Monday, January 11, 2010

New Jersey Lawmakers Pass Medical Marijuana Bill


TRENTON — The New Jersey Legislature approved a measure on Monday that would make the state the 14th in the nation, but one of the few on the East Coast, to legalize the use of marijuana to help patients with chronic illnesses.
The measure — which would allow patients diagnosed with severe illnesses like cancer, AIDS, Lou Gehrig’s disease, muscular dystrophy and multiple sclerosis to have access to marijuana grown and distributed through state-monitored dispensaries — was passed by the General Assembly and State Senate on the final day of the legislative session.

Gov. Jon S. Corzine has said he would sign it into law before leaving office next Tuesday. Supporters said that within nine months, patients with a prescription for marijuana from their doctors should be able to obtain it at one of six locations.

“It’s nice to finally see a day when democracy helps heal people,” said Charles Kwiatkowski, 38, one of dozens of patients who rallied at the State House before the vote and broke into applause when the lawmakers approved the measure.

Mr. Kwiatkowski, of Hazlet, N.J., who has multiple sclerosis, said his doctors have recommended marijuana to treat neuralgia, which causes him to lose the feeling and the use of his right arm and shoulders. “The M.S. Society has shown that this drug will help slow the progression of my disease. Why would I want to use anything else?”

The bill’s approval, which comes after years of lobbying by patients’ rights groups and advocates of less restrictive drug laws, was nearly derailed at the 11th hour as some Democratic lawmakers wavered and Governor-elect Christopher J. Christie, a Republican, went to the State House and expressed reservations about it.

In the end, however, it passed by comfortable margins in both houses: 48-14 in the General Assembly and 25-13 in the State Senate.

Assemblyman Reed Gusciora, a Democrat from Princeton who sponsored the legislation, said New Jersey’s would be the most restrictive medical marijuana law in the nation because it would permit doctors to prescribe it for only a set list of serious, chronic illnesses. The law would also forbid patients from growing their own marijuana and from using it in public, and it would regulate the drug under the strict conditions used to track the distribution of medically prescribed opiates like Oxycontin and morphine. Patients would be limited to two ounces of marijuana per month.

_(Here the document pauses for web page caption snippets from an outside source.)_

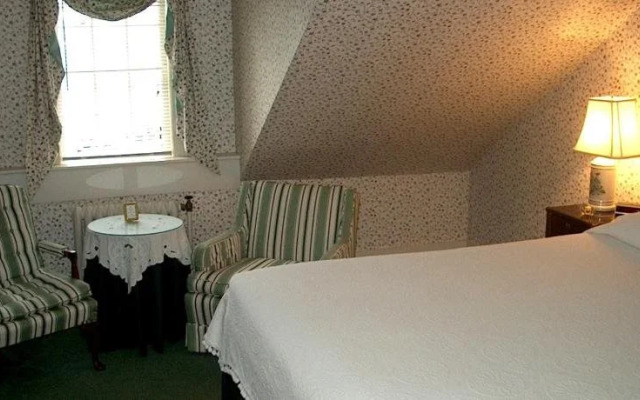 The Charleston House Bed & Breakfast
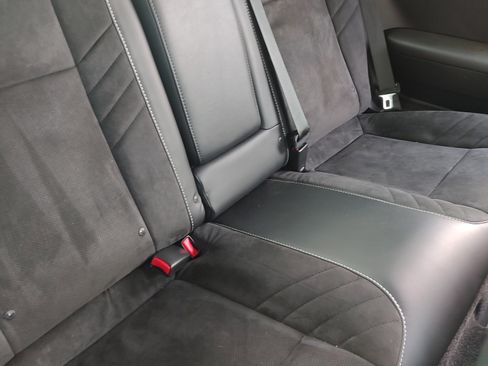 Used 2015 Dodge Challenger SRT Hellcat image 12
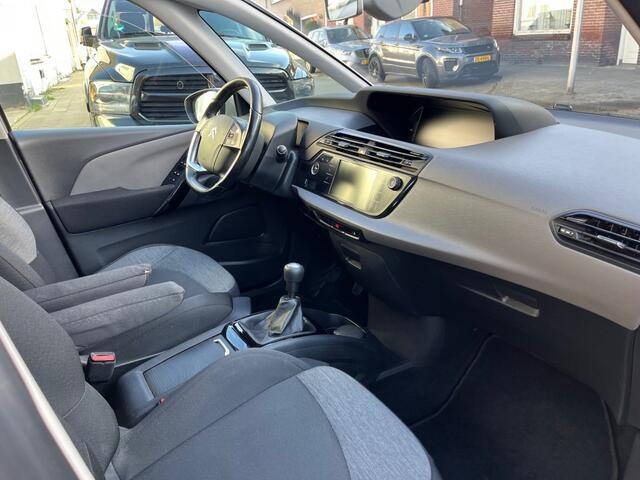 Citroen C4 1.2 PURET. BUSINESS 7 personen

“I truly believe this will become a model for other states because it balances the compassionate use of medical marijuana while limiting the number of ailments that a physician can prescribe it for,” Mr. Gusciora said.

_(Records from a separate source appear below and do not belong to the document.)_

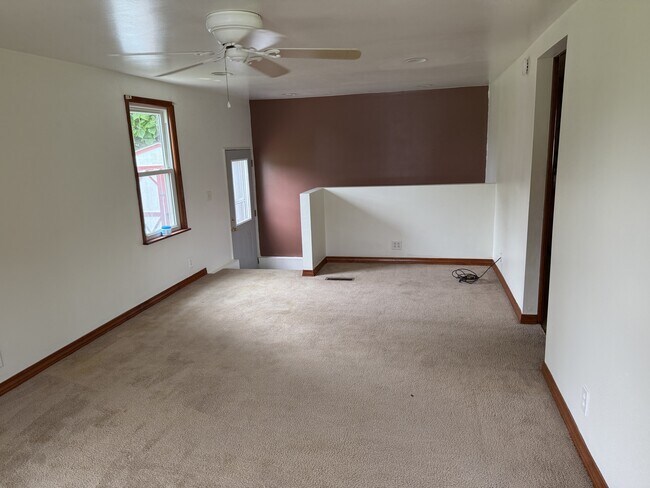 Foto del edificio - 403 Rose Ln
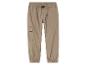 Pantalon cargo marron avec élastique à la taille.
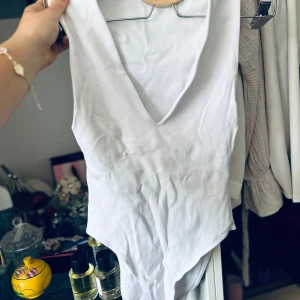 Zara body  - Sorlek s  Har legat i en låda därav att den är skrynklig 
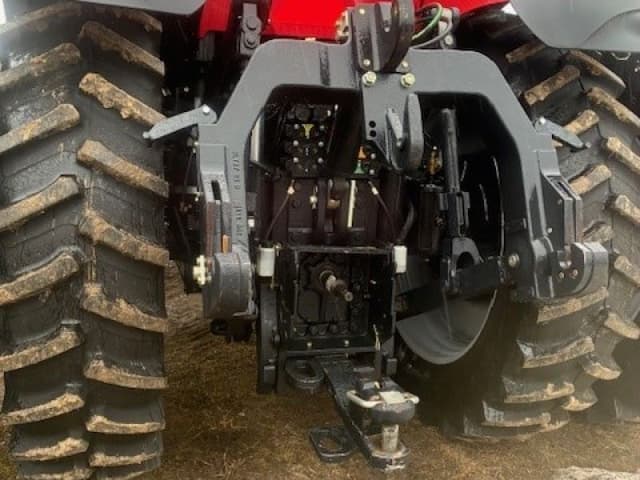Image of Case IH Magnum 340 equipment image 3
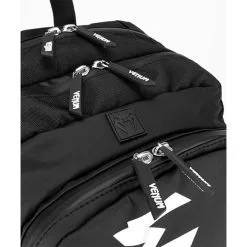 Venum Challenger Pro Evo BackPack, Black/White -Udstyr og tilbehør butik VENUM 03832 108 Venum Challenger Pro Evo BackPack BlackWhite 08 maj22 2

Under the bill, the state would help set the cost of the marijuana. The measure does not require insurance companies to pay for it.

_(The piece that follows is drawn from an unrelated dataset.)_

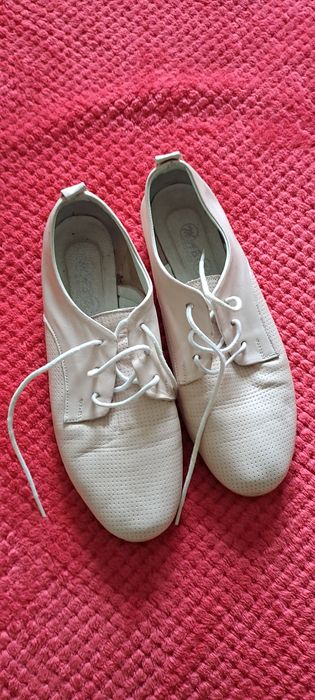 Adidași casual piele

Some educators and law enforcement advocates worked doggedly against the proposal, saying the law would make marijuana more readily available and more likely to be abused, and that it would lead to increased drug use by teenagers.

Opponents often pointed to California’s experience as a cautionary tale, saying that medical marijuana is so loosely regulated there that its use has essentially been decriminalized. Under California law, residents can obtain legal marijuana for a list of maladies as common, and as vaguely defined, as anxiety or chronic pain.